In short, and considering the projection for 2024 and 2025, for the next five years the projection that the Treasury sees for GDP is 2.3%, compared to the 2.4% it previously had for said period. The projection that the Treasury now makes was aligned with what was forecast a few weeks ago in the Consensus Forecasts report.

Economists agree with the GDP growth projection provided by the Treasury for this year and that copper will be an essential factor that will drive this improvement, added to the external sector. Where there is no single vision, it is for the coming years.

“In general, the updated figures seem quite reasonable to me, in fact, our projection for current 2024 GDP growth is 2.7% and somewhat lower for the following years, 2%,” says Euroamerica economist Felipe Alarcon. The expert notes that “in general, the greatest growth is supported by exports, including copper, given the expected growth in domestic spending that is quite limited.”

Francisca Pérez, chief economist at Bci, points out that “the increase for this year is within possible revisions. Clearly better exports could improve the forecast. We have 2.6%, so we do not believe the revision to 2.7% is disproportionate.”

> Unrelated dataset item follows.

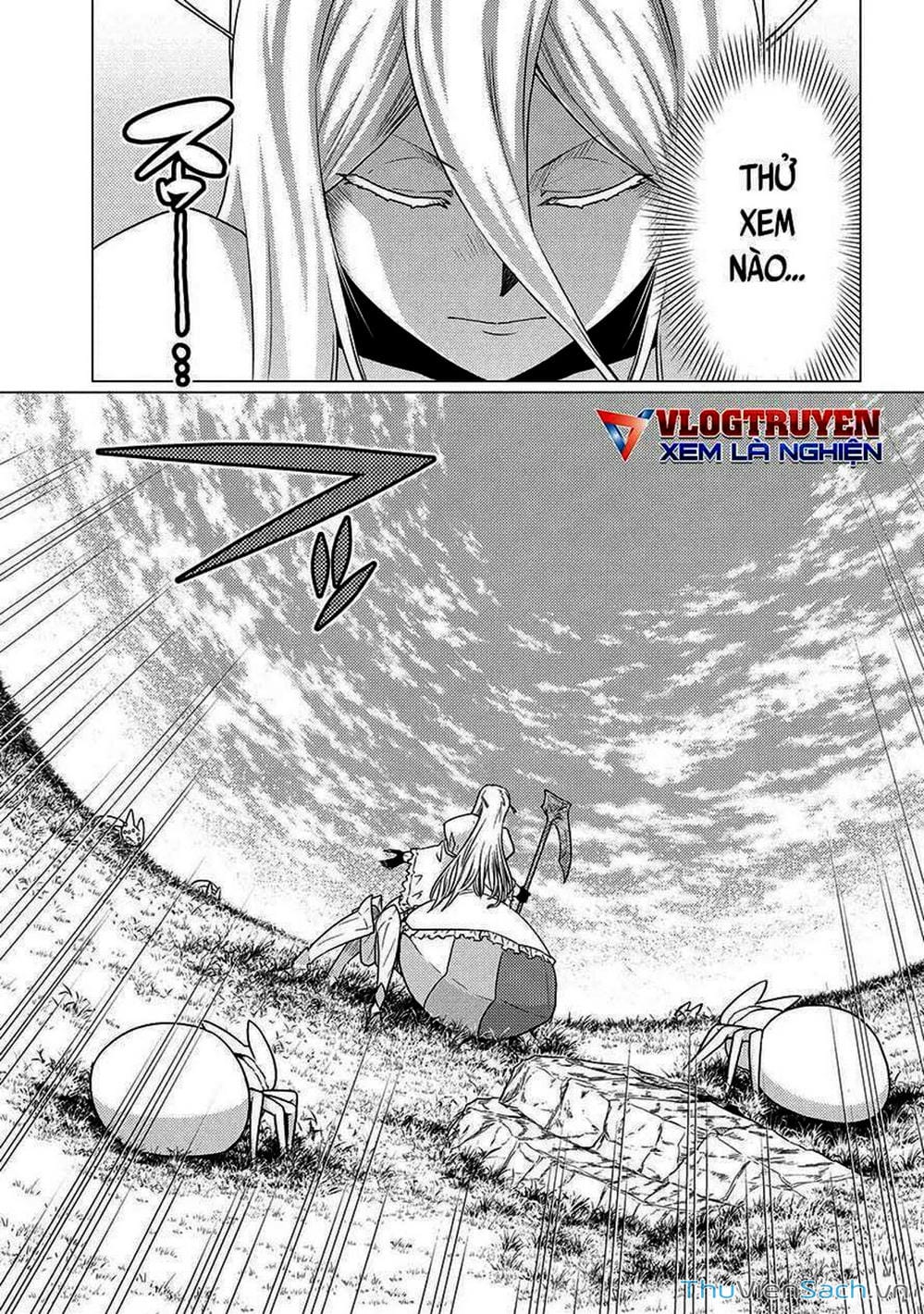 Truyện Tranh Tái Sinh Thành Nhện trang 6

Regarding the decrease for the period 2026-2028, he states that “from our point of view, it now shows levels more in line with the long-term trend. We even see that by 2025 a growth of 2.5% is still very optimistic.”

Macarena García, LyD economist, also provides her vision. The first thing you maintain is that the upward correction of GDP “is marginal and will not substantially change the economic situation.” For García, what she is concerned about is that “the slowdown in GDP towards 2028 is more pronounced than in the previous report, which shows that our trend growth is very weakened. The authority mentions that in 2028 a trend GDP of 2.1% will be reached, which seems optimistic when compared to the Central Bank’s estimate of a trend GDP of approximately 1.5% for 2033. If the Central Bank’s projections are met , our economic stagnation will last at least another decade.”

Víctor Martínez, executive director of the Business and Society Research Center, mentions that “the current projections align with the GDP growth ranges that experts anticipate. It is estimated that long-term growth should stabilize around 2%. In this context, the Chilean economy is expected to approach this level during the period 2024-2028.”

“As there is greater dynamism, greater growth in economic activity for 2024, it follows that, for the following years, that is, 2025 onwards, they face higher comparison bases, because this year we will end at a higher level.” . Thus, the logical thing is that the growth figures for these coming years should be corrected downwards. Furthermore, it is a completely normal adjustment, given that there has not been a permanent change, let’s say, in the economy’s capacity for growth,” points out Rodrigo Montero, dean of the Faculty of Administration and Business of the Autonomous University.

December 19, 2023 The Minister of Finance, Mario Marcel and the Budget Director, Javiera Martinez, in a Senate committee looking at readjustment to the public sector. Photo: Dedvi Missene

Cristina Torres, former Budget Director and current academic at the Center for Public Policies of the Faculty of Economics and Government of the San Sebastián University, focuses on the upward adjustment of the price of copper: “The criterion that should prevail is to be conservative in the estimates. What is relevant in the case of an improvement in the price of copper is that, by methodology, it is only possible to consider within the expenditure that which is permanent, isolating it from the cycle.”

In any case, he says that “the effect of the price of copper on the expense margin will depend on the difference between the effective price and the long-term price, so a better price, per se, does not give a greater margin for spend more. Although it does reduce financing needs through debt or use of assets.”